Tesla Takes on the Dealerships—and GM

The electric-car company wins a legislative fight in Indiana.
Photographer: Michael Short/Bloomberg

“We need your help,” Tesla wrote in a Feb. 19 e-mail to its customers in Indiana. The state legislature was about to move forward with a bill that would have forced the electric-car maker to find a franchisee to operate its one showroom in the state, setting a precedent that would make it harder for Tesla to open others elsewhere. The company claimed the legislation reflected the interests and influence of one rival: General Motors. “Don’t let GM tell you that your only option is to buy a car from a traditional franchised dealer by shutting out Tesla,” the e-mail continued. Tesla asked recipients to contact their lawmakers.
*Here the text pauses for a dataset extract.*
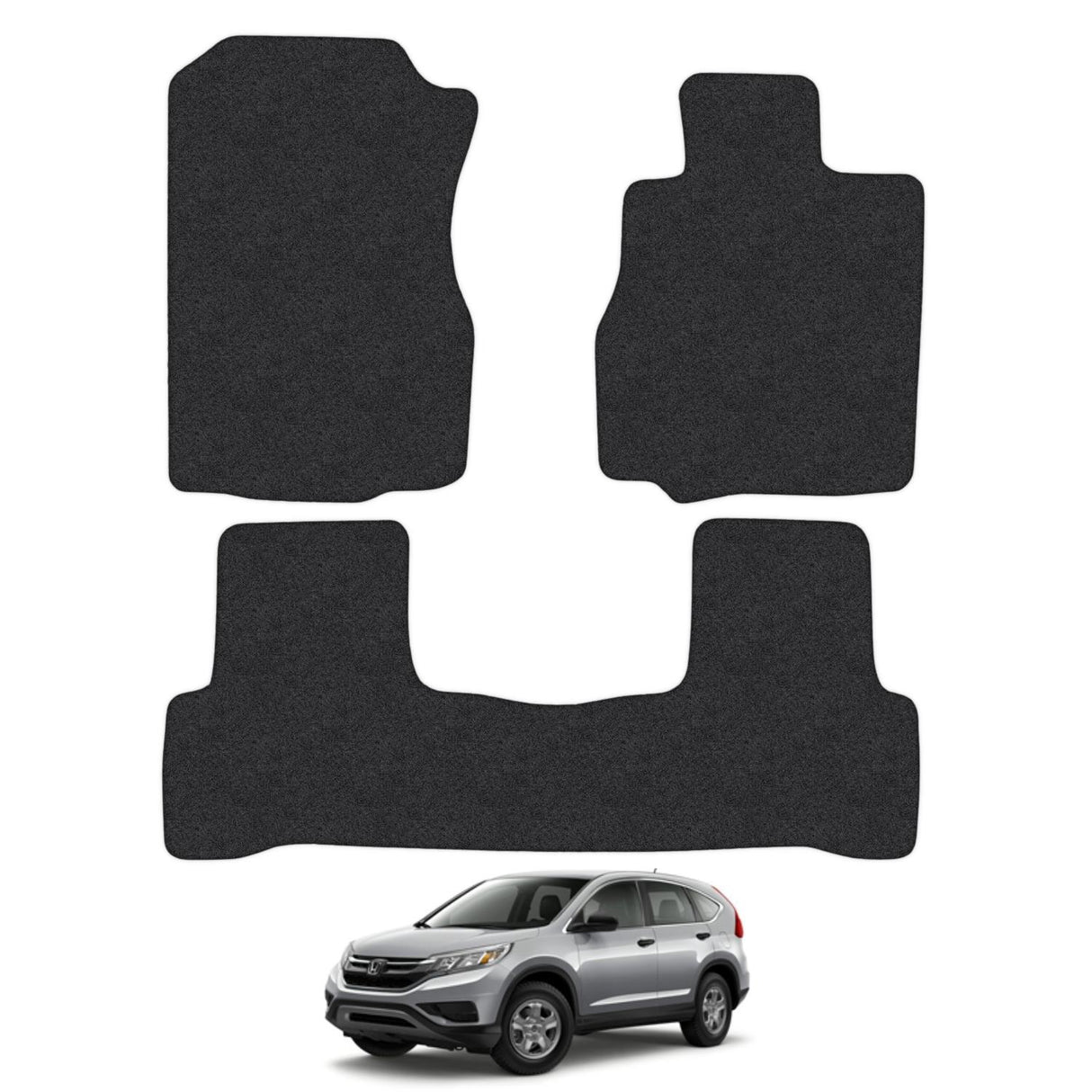 Honda CR-V Car Mats (2006-2012)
The company’s rallying cry worked. On Feb. 25, the Indiana Senate committee considering the bill decided to drop the amendment that would have forced Tesla to adopt the dealership model. But the brawl in Indianapolis opened a new front in the cold war between Tesla, which leads the battery-powered-car market, and GM, which plans to introduce its electric Chevy Bolt late this year. Tesla is also preparing its first mass-market car, the Model 3, expected in late 2017. Both vehicles will go more than 200 miles on a single charge, and both are slated to cost less than $40,000 before government incentives—dramatically expanding the market of potential buyers.